SUPPLIED DATA START

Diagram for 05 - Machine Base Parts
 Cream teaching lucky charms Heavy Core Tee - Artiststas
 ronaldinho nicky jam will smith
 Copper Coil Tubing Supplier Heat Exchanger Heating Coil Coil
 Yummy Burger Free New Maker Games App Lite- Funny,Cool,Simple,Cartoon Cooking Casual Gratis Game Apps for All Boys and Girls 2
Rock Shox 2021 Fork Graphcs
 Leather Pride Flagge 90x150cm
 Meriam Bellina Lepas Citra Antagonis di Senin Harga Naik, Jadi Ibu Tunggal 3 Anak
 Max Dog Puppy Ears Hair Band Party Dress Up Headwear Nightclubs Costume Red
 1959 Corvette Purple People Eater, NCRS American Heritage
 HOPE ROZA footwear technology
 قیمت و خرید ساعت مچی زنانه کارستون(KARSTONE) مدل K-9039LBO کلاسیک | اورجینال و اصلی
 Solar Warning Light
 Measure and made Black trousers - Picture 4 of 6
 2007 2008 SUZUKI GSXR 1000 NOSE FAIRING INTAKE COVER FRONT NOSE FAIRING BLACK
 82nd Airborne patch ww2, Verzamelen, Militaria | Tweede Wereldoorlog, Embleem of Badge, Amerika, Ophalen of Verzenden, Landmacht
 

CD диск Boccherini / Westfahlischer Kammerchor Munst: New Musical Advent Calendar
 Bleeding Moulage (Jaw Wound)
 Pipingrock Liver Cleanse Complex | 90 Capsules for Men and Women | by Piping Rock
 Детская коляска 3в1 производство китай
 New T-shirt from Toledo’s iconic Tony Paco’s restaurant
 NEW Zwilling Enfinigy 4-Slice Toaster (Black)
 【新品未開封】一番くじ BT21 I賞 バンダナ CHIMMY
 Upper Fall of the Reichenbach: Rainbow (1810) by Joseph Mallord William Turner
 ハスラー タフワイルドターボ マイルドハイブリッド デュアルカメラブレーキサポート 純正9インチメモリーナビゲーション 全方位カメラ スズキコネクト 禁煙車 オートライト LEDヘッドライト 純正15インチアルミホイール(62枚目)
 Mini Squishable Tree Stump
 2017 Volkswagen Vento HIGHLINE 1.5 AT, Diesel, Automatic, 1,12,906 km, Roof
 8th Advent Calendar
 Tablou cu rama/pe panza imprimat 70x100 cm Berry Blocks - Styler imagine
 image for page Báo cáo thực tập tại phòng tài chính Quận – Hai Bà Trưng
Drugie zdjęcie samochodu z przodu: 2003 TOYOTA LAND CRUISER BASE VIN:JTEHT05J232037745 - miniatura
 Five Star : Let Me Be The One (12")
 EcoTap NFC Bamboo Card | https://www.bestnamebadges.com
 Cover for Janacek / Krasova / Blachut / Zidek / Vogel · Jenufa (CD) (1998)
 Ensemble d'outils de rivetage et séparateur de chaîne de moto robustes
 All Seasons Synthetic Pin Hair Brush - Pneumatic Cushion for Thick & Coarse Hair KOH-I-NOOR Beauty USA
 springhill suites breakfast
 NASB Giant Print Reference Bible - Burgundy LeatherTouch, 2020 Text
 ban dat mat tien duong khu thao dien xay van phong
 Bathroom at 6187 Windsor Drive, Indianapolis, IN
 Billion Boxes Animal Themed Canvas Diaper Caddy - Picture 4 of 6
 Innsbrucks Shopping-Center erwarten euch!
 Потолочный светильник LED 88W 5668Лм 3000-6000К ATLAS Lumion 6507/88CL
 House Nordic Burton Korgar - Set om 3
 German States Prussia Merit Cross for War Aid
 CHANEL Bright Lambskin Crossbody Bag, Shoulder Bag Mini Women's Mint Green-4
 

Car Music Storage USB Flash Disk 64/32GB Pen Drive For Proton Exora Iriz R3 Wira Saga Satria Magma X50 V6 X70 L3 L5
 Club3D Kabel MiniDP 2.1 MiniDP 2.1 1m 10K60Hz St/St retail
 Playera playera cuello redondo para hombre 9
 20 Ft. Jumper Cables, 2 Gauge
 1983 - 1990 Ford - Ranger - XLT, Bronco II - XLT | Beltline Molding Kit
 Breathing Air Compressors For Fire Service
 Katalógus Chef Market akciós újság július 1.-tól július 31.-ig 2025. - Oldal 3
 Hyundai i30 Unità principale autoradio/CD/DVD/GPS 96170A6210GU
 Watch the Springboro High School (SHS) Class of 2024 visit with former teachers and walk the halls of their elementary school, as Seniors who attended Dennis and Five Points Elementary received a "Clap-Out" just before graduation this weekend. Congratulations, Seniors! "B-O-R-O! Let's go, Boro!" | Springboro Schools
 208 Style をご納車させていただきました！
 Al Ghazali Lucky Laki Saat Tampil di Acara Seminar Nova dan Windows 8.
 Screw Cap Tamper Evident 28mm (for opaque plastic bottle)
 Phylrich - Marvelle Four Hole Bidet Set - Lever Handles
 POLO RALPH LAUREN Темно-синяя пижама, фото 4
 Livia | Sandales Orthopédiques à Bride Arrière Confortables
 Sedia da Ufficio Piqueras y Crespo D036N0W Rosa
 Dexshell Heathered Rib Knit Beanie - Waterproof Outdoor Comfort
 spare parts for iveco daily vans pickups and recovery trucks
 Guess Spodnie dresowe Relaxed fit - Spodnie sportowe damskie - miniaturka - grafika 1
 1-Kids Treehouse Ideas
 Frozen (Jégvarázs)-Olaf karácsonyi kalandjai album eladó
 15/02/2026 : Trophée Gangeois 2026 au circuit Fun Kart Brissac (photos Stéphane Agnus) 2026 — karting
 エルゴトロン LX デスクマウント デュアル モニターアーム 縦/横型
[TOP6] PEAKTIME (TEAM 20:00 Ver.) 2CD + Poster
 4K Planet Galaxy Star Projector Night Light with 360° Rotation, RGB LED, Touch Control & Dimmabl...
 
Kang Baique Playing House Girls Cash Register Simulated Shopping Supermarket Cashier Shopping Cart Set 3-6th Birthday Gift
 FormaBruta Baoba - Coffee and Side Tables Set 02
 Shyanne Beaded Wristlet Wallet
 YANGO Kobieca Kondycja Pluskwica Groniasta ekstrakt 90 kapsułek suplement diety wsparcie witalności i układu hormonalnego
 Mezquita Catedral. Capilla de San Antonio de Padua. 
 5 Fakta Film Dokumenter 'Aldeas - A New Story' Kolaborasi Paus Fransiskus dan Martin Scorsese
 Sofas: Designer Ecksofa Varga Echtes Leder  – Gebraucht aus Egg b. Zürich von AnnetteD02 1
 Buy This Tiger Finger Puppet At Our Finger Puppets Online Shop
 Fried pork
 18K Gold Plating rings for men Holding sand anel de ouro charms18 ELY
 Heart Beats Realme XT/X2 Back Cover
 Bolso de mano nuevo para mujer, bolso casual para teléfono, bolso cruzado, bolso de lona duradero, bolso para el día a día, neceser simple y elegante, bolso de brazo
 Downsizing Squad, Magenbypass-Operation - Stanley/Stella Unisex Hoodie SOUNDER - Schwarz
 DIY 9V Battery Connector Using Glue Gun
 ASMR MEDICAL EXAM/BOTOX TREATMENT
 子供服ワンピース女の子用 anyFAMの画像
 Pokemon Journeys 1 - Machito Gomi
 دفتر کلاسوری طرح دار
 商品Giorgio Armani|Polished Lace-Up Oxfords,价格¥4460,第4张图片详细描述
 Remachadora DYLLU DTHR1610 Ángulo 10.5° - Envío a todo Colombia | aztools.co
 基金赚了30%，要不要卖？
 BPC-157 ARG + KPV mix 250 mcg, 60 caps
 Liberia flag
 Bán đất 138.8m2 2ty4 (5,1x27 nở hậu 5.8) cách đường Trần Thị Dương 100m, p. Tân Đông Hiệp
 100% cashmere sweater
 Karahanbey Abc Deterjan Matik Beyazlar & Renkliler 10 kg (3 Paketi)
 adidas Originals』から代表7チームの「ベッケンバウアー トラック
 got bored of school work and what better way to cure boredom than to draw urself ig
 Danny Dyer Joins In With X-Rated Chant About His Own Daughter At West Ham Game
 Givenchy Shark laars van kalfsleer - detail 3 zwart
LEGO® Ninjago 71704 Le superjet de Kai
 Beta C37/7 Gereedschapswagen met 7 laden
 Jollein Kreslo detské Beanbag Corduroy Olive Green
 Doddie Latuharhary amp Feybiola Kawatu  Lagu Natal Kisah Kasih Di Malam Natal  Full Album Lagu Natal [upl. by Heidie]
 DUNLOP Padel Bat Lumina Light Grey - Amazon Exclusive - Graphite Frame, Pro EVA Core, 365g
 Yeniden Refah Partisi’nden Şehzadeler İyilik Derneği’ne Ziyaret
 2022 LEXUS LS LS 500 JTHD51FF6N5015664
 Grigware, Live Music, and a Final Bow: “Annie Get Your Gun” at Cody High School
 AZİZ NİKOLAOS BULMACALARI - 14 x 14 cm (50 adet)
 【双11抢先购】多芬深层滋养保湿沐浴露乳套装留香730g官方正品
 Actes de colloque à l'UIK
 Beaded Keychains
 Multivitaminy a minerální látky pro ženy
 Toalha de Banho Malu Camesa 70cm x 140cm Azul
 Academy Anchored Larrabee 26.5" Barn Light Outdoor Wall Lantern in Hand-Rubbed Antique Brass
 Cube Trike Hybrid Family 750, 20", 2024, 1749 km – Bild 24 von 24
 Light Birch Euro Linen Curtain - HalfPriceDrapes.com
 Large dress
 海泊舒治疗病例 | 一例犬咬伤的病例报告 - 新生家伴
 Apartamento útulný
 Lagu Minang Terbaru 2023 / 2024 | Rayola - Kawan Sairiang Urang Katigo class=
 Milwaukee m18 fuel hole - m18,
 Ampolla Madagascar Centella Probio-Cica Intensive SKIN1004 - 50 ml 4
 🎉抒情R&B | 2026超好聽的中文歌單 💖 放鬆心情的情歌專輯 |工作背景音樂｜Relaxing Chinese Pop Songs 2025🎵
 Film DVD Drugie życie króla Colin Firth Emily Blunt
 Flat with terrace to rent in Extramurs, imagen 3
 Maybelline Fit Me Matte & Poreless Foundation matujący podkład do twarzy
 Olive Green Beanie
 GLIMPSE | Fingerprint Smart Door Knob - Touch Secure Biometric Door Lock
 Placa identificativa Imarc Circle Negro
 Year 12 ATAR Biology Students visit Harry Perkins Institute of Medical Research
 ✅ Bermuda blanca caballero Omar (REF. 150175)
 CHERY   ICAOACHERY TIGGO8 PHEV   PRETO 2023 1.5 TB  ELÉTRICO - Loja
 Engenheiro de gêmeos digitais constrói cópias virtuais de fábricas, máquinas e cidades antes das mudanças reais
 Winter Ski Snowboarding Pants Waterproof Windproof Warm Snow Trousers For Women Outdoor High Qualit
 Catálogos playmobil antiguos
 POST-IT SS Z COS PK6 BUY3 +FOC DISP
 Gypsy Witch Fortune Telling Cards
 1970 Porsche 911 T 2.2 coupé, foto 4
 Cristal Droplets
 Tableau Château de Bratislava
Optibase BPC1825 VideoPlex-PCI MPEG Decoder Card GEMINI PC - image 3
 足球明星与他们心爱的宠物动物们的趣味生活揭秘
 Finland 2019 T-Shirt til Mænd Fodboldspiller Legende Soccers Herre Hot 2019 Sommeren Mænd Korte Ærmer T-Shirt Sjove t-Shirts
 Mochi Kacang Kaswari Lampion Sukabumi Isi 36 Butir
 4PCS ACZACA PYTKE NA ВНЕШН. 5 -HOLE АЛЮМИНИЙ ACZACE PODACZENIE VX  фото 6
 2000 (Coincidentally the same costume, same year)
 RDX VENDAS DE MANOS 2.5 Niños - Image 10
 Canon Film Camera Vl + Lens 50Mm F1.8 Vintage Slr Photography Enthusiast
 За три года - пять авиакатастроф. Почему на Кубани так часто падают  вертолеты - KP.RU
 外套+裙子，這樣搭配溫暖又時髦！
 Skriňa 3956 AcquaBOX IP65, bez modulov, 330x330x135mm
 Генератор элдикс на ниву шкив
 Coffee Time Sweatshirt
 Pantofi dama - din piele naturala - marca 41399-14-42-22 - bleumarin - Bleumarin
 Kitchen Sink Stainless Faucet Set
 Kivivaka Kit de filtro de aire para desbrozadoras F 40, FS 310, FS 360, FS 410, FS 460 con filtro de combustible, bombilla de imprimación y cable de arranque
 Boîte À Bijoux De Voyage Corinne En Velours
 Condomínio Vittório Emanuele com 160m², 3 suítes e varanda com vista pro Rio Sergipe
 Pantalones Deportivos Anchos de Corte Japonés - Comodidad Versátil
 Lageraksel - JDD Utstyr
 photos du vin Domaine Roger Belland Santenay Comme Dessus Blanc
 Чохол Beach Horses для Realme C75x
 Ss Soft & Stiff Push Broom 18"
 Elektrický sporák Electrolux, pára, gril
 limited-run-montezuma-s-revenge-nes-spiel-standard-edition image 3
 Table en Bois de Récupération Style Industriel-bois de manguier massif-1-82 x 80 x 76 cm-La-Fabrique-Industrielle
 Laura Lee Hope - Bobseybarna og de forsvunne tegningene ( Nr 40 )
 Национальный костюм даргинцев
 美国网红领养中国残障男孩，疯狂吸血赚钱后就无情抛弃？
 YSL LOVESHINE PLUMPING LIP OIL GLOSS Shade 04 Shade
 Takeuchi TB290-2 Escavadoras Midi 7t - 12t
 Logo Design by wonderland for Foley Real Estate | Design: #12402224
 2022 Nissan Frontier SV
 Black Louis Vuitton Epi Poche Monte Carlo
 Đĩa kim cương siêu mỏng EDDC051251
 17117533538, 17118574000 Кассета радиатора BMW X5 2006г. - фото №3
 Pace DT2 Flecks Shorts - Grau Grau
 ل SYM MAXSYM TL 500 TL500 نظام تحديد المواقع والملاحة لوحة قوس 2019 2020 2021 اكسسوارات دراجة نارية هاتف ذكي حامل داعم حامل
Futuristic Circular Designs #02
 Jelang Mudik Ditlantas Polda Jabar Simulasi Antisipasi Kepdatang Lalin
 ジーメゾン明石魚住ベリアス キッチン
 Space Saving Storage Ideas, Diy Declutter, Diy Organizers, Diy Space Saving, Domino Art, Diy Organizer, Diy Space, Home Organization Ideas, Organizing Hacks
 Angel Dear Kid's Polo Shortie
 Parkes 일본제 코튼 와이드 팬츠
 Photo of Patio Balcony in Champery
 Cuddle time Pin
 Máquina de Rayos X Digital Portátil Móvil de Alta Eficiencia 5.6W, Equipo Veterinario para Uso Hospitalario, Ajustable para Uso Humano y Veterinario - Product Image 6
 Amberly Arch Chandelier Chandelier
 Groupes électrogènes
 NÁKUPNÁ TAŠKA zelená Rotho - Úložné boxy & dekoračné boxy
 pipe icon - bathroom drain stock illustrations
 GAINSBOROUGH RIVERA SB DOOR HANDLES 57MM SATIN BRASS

SUPPLIED DATA END

Take the records above and return, word for word, only the lines that fall from the line with "Light Birch Euro" to the line with "外套+裙子，這樣搭配溫暖又時髦！", both of them included.

 Light Birch Euro Linen Curtain - HalfPriceDrapes.com
 Large dress
 海泊舒治疗病例 | 一例犬咬伤的病例报告 - 新生家伴
 Apartamento útulný
 Lagu Minang Terbaru 2023 / 2024 | Rayola - Kawan Sairiang Urang Katigo class=
 Milwaukee m18 fuel hole - m18,
 Ampolla Madagascar Centella Probio-Cica Intensive SKIN1004 - 50 ml 4
 🎉抒情R&B | 2026超好聽的中文歌單 💖 放鬆心情的情歌專輯 |工作背景音樂｜Relaxing Chinese Pop Songs 2025🎵
 Film DVD Drugie życie króla Colin Firth Emily Blunt
 Flat with terrace to rent in Extramurs, imagen 3
 Maybelline Fit Me Matte & Poreless Foundation matujący podkład do twarzy
 Olive Green Beanie
 GLIMPSE | Fingerprint Smart Door Knob - Touch Secure Biometric Door Lock
 Placa identificativa Imarc Circle Negro
 Year 12 ATAR Biology Students visit Harry Perkins Institute of Medical Research
 ✅ Bermuda blanca caballero Omar (REF. 150175)
 CHERY   ICAOACHERY TIGGO8 PHEV   PRETO 2023 1.5 TB  ELÉTRICO - Loja
 Engenheiro de gêmeos digitais constrói cópias virtuais de fábricas, máquinas e cidades antes das mudanças reais
 Winter Ski Snowboarding Pants Waterproof Windproof Warm Snow Trousers For Women Outdoor High Qualit
 Catálogos playmobil antiguos
 POST-IT SS Z COS PK6 BUY3 +FOC DISP
 Gypsy Witch Fortune Telling Cards
 1970 Porsche 911 T 2.2 coupé, foto 4
 Cristal Droplets
 Tableau Château de Bratislava
Optibase BPC1825 VideoPlex-PCI MPEG Decoder Card GEMINI PC - image 3
 足球明星与他们心爱的宠物动物们的趣味生活揭秘
 Finland 2019 T-Shirt til Mænd Fodboldspiller Legende Soccers Herre Hot 2019 Sommeren Mænd Korte Ærmer T-Shirt Sjove t-Shirts
 Mochi Kacang Kaswari Lampion Sukabumi Isi 36 Butir
 4PCS ACZACA PYTKE NA ВНЕШН. 5 -HOLE АЛЮМИНИЙ ACZACE PODACZENIE VX  фото 6
 2000 (Coincidentally the same costume, same year)
 RDX VENDAS DE MANOS 2.5 Niños - Image 10
 Canon Film Camera Vl + Lens 50Mm F1.8 Vintage Slr Photography Enthusiast
 За три года - пять авиакатастроф. Почему на Кубани так часто падают  вертолеты - KP.RU
 外套+裙子，這樣搭配溫暖又時髦！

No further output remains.